[Requirement]:
For this exercise, write out only the lines of the entries below from the one with "Preview for 351" up to and including the one with "VEVOR Magnetisches Glas-Whiteboard, Wandtafel", exactly as they are. Pictures stay out.

BEGIN Dataset excerpts

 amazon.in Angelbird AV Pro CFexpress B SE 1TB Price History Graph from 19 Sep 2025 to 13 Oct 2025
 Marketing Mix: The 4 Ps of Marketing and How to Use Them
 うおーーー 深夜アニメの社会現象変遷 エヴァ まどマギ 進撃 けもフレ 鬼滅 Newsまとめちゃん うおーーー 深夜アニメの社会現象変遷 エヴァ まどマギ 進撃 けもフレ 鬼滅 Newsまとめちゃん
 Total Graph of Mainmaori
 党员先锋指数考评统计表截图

END Dataset excerpts
BEGIN Dataset excerpts

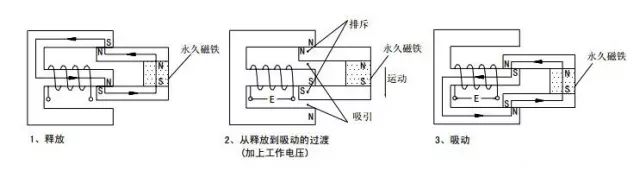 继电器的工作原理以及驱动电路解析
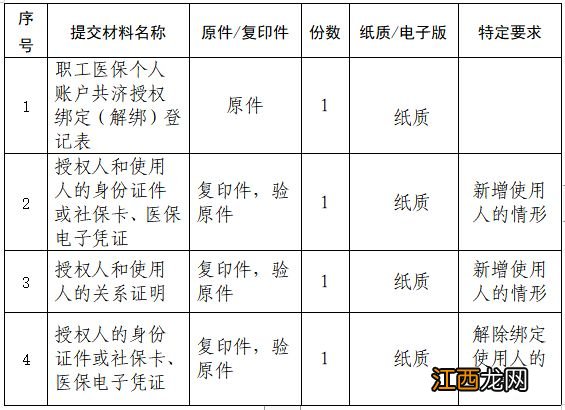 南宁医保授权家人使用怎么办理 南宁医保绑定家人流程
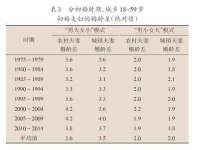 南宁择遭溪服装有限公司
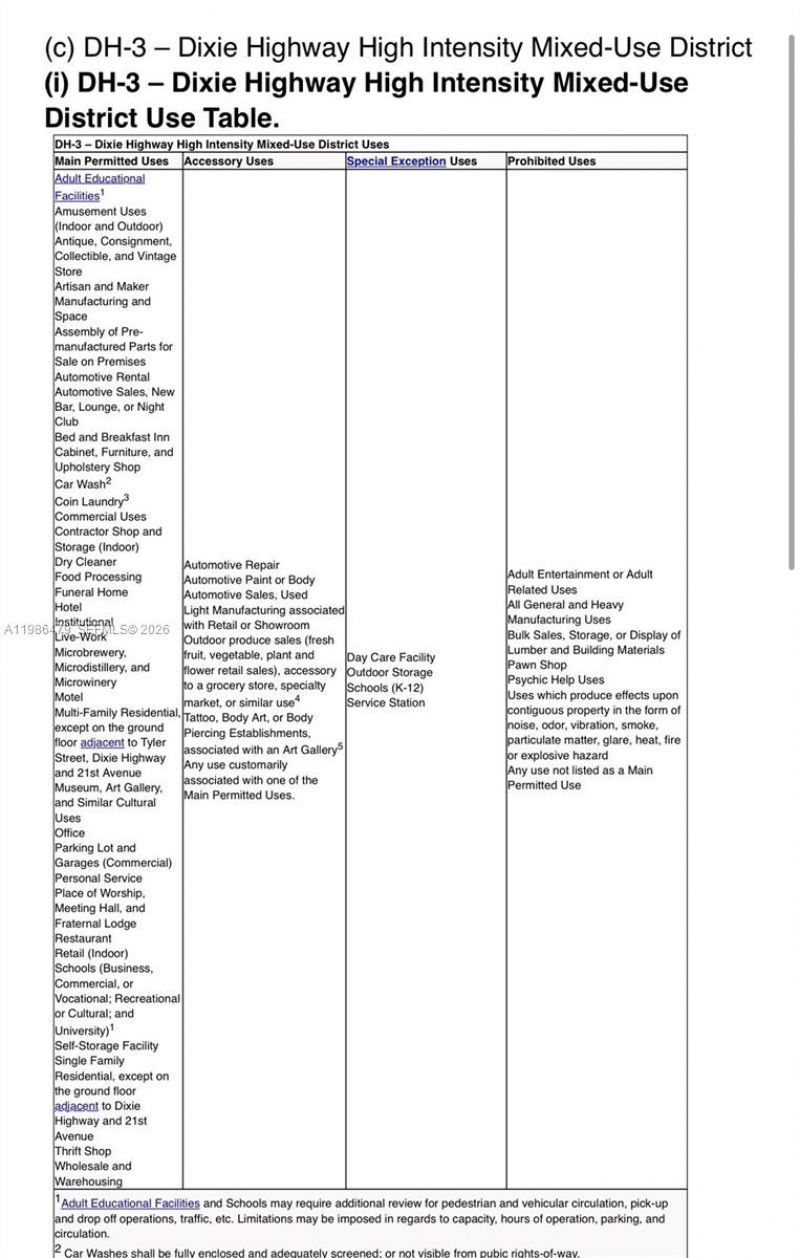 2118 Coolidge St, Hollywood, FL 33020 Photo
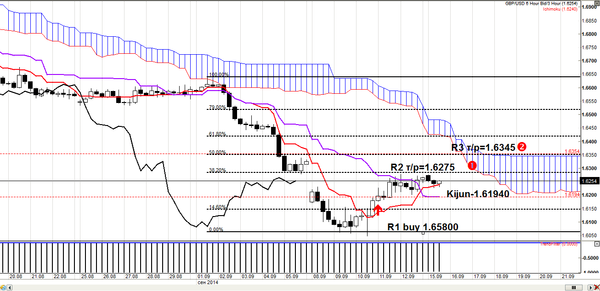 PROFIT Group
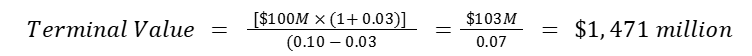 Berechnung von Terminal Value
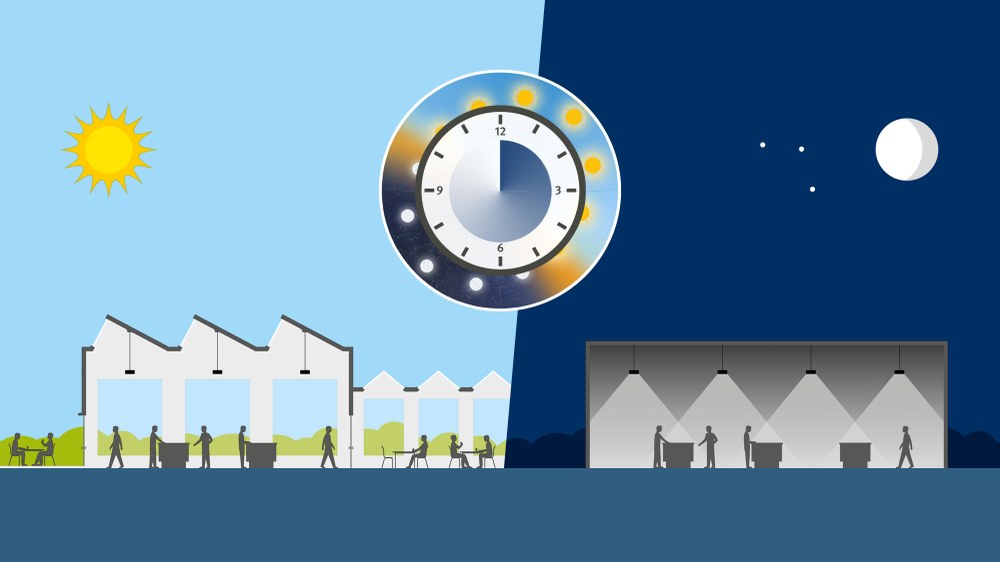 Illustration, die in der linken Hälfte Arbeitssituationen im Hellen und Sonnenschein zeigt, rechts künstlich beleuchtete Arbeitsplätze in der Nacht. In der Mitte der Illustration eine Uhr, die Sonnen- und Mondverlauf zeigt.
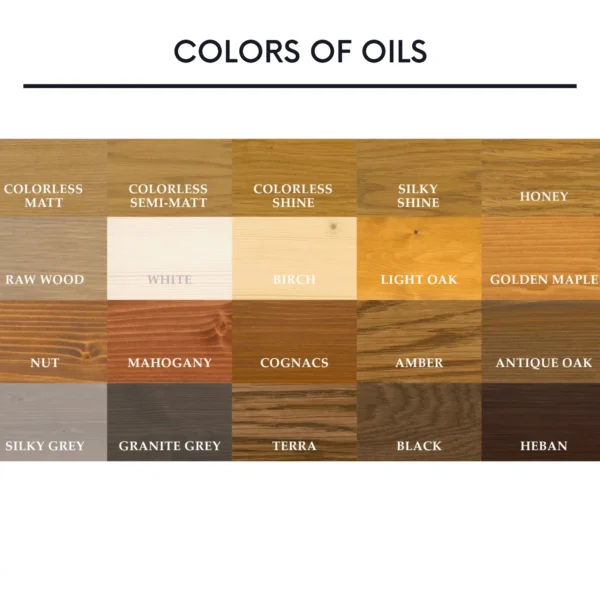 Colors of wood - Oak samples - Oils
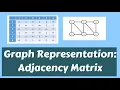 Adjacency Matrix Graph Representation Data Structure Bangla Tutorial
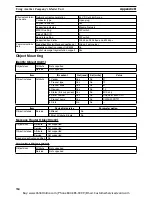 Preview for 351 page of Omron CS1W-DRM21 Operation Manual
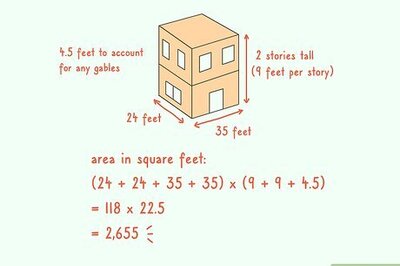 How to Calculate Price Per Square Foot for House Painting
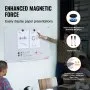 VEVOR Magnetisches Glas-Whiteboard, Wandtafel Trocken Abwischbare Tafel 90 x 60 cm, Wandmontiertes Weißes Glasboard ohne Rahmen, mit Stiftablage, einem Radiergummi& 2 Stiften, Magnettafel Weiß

END Dataset excerpts

[Finished exercise]:
 Preview for 351 page of Omron CS1W-DRM21 Operation Manual
 How to Calculate Price Per Square Foot for House Painting
 VEVOR Magnetisches Glas-Whiteboard, Wandtafel Trocken Abwischbare Tafel 90 x 60 cm, Wandmontiertes Weißes Glasboard ohne Rahmen, mit Stiftablage, einem Radiergummi& 2 Stiften, Magnettafel Weiß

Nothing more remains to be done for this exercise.